9 Kasım 2014 Pazar

Şirketlerin Geleceği ve Kurumsallaşma


Capital dergisinin yaptığı araştırmaya göre Capital 500 listesine 1998 yılından beri giren 1450 şirket bulunmakta. Düşündüğümüzde 950 şirketin bu listeye girip, sonrasında ise düştüğü görülmekte. Yani sürekli olarak şirketler belirli zamanlarda büyüyerek o ülkenin en önemli şirketlerinden oluyorlar ve sonrasında ise kötü yönetim becerileri vb. sebeplerden dolayı yerlerini kaybedip belki de ortadan kayboluyorlar.

Bu düşüncenin aksini savunan farklı bir fikir de bulunmakta. Bu fikir de bu listelerdeki yenilenme oranını değerlendiriyor. Yani belirli periyotlar arasında ne kadar yeni şirketin listeye girdiği ile ilgileniyor. Bu oran da bize o ülkenin yeni girişimciler ve işletmeler çıkararak onları belirli bir düzeye getirebildiğini ortaya koyuyor. Burada temel değerlendirme kriterimiz son 10 yılda ülkenin ilk 50 şirketi arasına kaç tane yeni şirket girdiğidir. Bu sayı ne kadar fazla olursa ülkenin girişimciliğinin arttığını ortaya koyuyor. Yeni girişimlerin artmasının istihdama katkısı ve dolayısıyla ülke refahına olan katkısı da yadsınamaz bir sonuç olarak önümüze geliyor.

Bu iki farklı düşüncenin arkasında yatan sebepleri incelediğimizde ortaya yönetim problemleri ve kurumlaşmadan kaynaklı sıkıntılar çıkıyor. Birinci gruptaki şirketlere bakınca istikrarsızlık ve sürdürülebilirlikte eksiklikler görülüyor. Bu gruptaki şirketlerin hepimizin yakından tanıdığı aile şirketleri olduğunu zaten biliyoruz. Günümüzde aile şirketleri ülkemizdeki şirketlerin çok büyük bir kısmını kapsıyor. Onların yaşadıkları sıkıntıların kök nedenlerini araştırınca karşımıza kurumlaşamama ve profesyonellerin olmaması yada olduğu halde yeterinde yetkilerinin olmaması olarak karşımıza çıkıyor. Bugün aile şirketlerinin bir başka önemli problemi de kuşaklar arası geçiş. Kurucu kadar başarılı olmayan bir çocuk sonucu şirket zarara girebiliyor. Yeteneğin bu kadar zor bulunduğu bir ortamda kurucunun sahip olduğu özelliklere sahip olabilecek aileden birilerinin çıkması ihtimali biraz düşük. Ticaret zekası olan, liderlik özellikleri gelişmiş ve vizyon sahibi kişileri bulabilmek günlük hayatımızda oldukça zor. Bu özelliklerin başarılı olmuş bir kurucudan sonra aileden bir üyeden çıkması ihtimalini düşündüğümüzde, aile şirketlerinin sorununu daha iyi analiz etmiş oluyoruz. Dolayısıyla bu noktada kurumlaşma kavramı ve işi ehline teslim etme konuları öne çıkıyor. Birinci gruptaki şirketlerin gelecekte ayakta kalabilmeleri bu sebeplere bağlı.

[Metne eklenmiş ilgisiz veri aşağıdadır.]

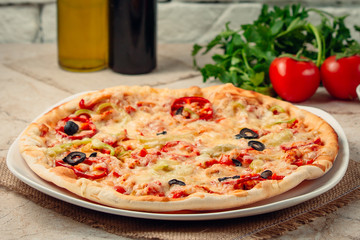 pizza with bell pepper on the table ____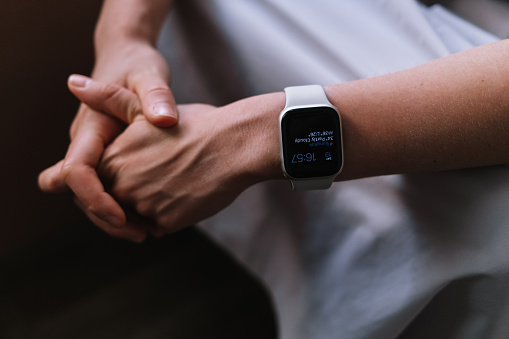 Close up shot of an anonymous woman wearing a smartwatch showing time and weather forecast.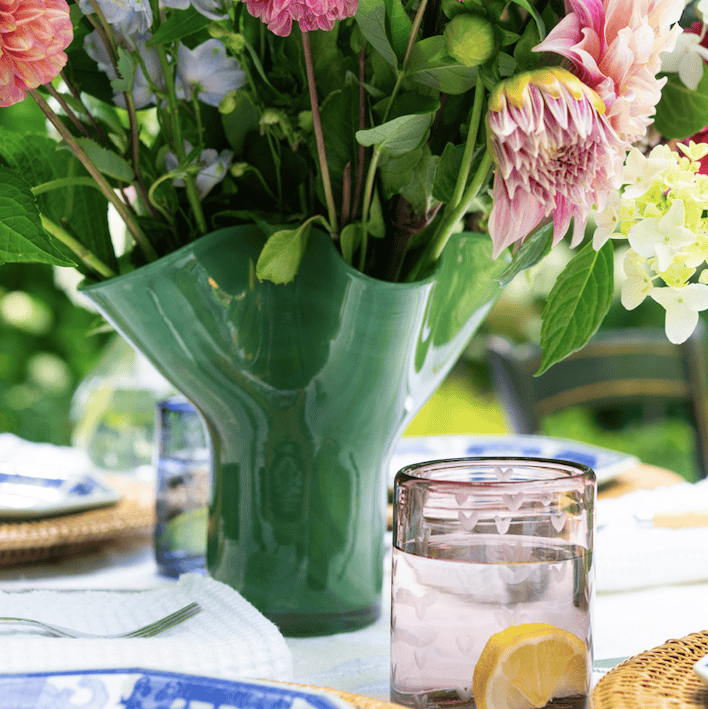 Green glass vase with flowers on a table with other glass wares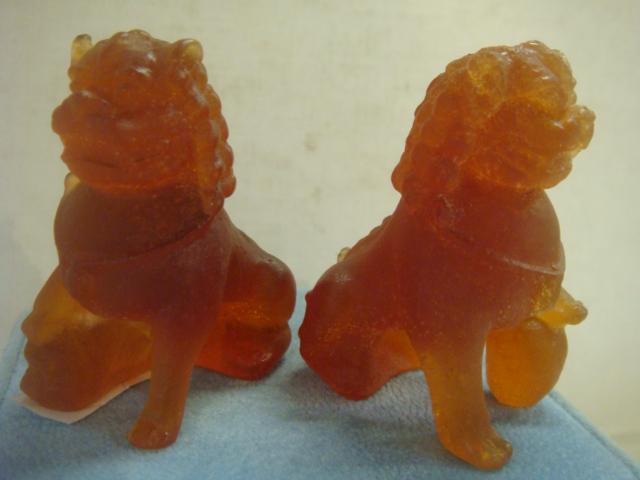 Pair of DAUM France Pate De Verre Foo Dogs:: Pair of DAUM France Pate De Verre Foo Dogs: Amber Glass Foo Dog Figures, Male with Ball and Female with Pup are 2 1/8"T. Signed on Bottoms. Mid 20th Century. (150-300)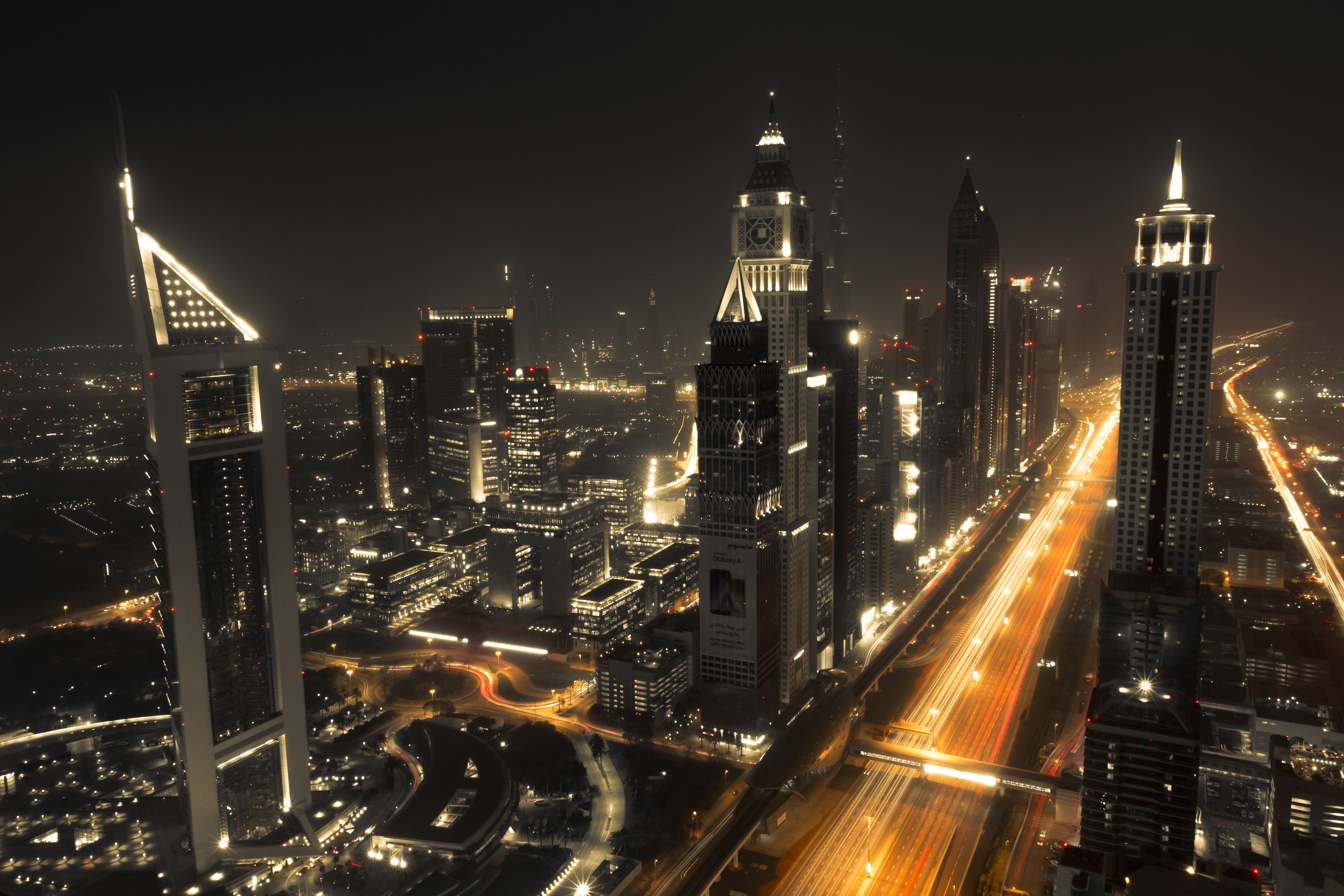 A nighttime view of the city of Dubai, with a long exposure of the highway in the foreground. - Dubai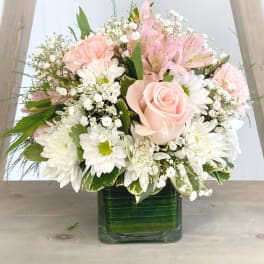 Pink and white mixed bouquet in a square glass vase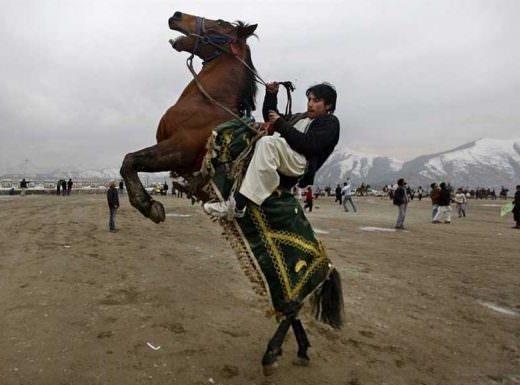 A middle eastern man rides his horse into a rear while pulling violently on the reins.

İkinci fikre gelirsek bir toplumun gelişmesinin altında yatan sebeplerden biri de girişimci bir kitleye sahip olmasıdır. Girişimcilik oranı ne kadar artarsa o kadar istihdam artışı sonucu ülkedeki refah artacaktır. Fakat bu gruptaki şirketlerin de ilk gruptaki şirketlerin hatalarına düşmemeleri için doğru zamanda doğru aksiyonları almaları gerekmektedir. Ayrıca, bu gruptaki şirketlerin sayılarını artırmak için devletlerin de girişimcilik konusunda yeterinde destek olmaları da gerekmektedir.

Sonuç olarak ikinci gruptaki şirketlerin sayılarının artması bir ülkenin kalkınmasına yapacağı direkt katkıdan dolayı fazlasıyla önemli. Bu girişimcilerin ortaya çıkması ve gelecekte ayakta kalabilmeleri için de kurumlaşmaları oldukça önemlidir.